[Opening Records supplied section]

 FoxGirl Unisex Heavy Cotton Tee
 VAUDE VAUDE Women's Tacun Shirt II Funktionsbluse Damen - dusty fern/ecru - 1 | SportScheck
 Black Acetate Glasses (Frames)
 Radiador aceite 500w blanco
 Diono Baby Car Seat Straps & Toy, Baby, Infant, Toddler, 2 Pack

[Closing Records supplied section]
[Opening Records supplied section]

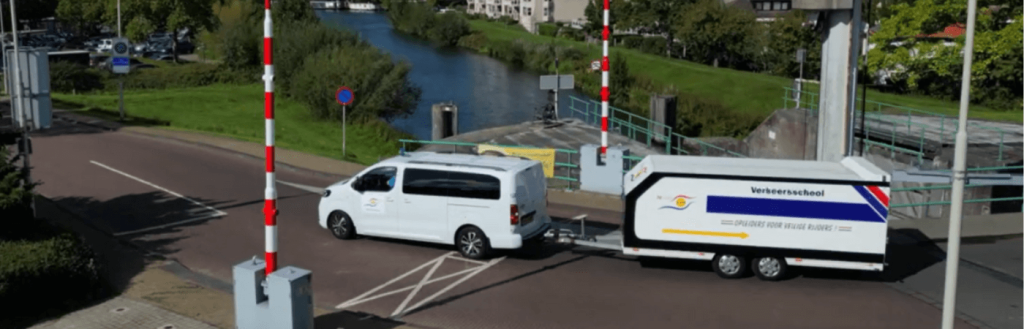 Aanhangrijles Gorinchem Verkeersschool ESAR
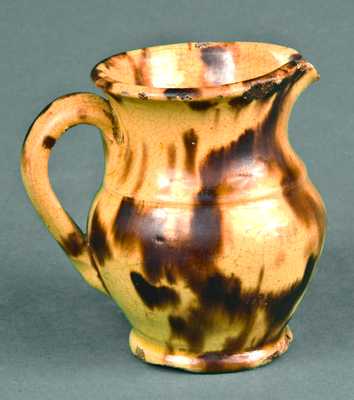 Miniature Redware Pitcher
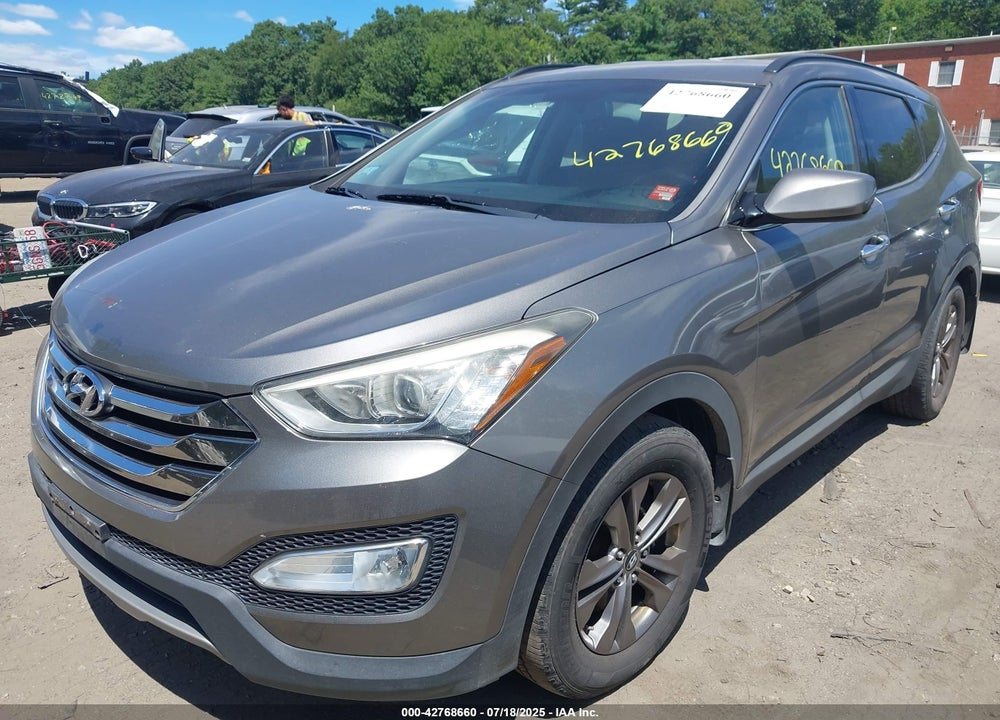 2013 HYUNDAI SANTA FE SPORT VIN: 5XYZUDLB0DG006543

[Closing Records supplied section]

• **Exercise aim**: Reproduce exactly the stretch of the material above that starts at the line with "Black Acetate Glasses (Frames)" and ends at the line with "Diono Baby Car", both included, and nothing else.

• **Expected answer**:
 Black Acetate Glasses (Frames)
 Radiador aceite 500w blanco
 Diono Baby Car Seat Straps & Toy, Baby, Infant, Toddler, 2 Pack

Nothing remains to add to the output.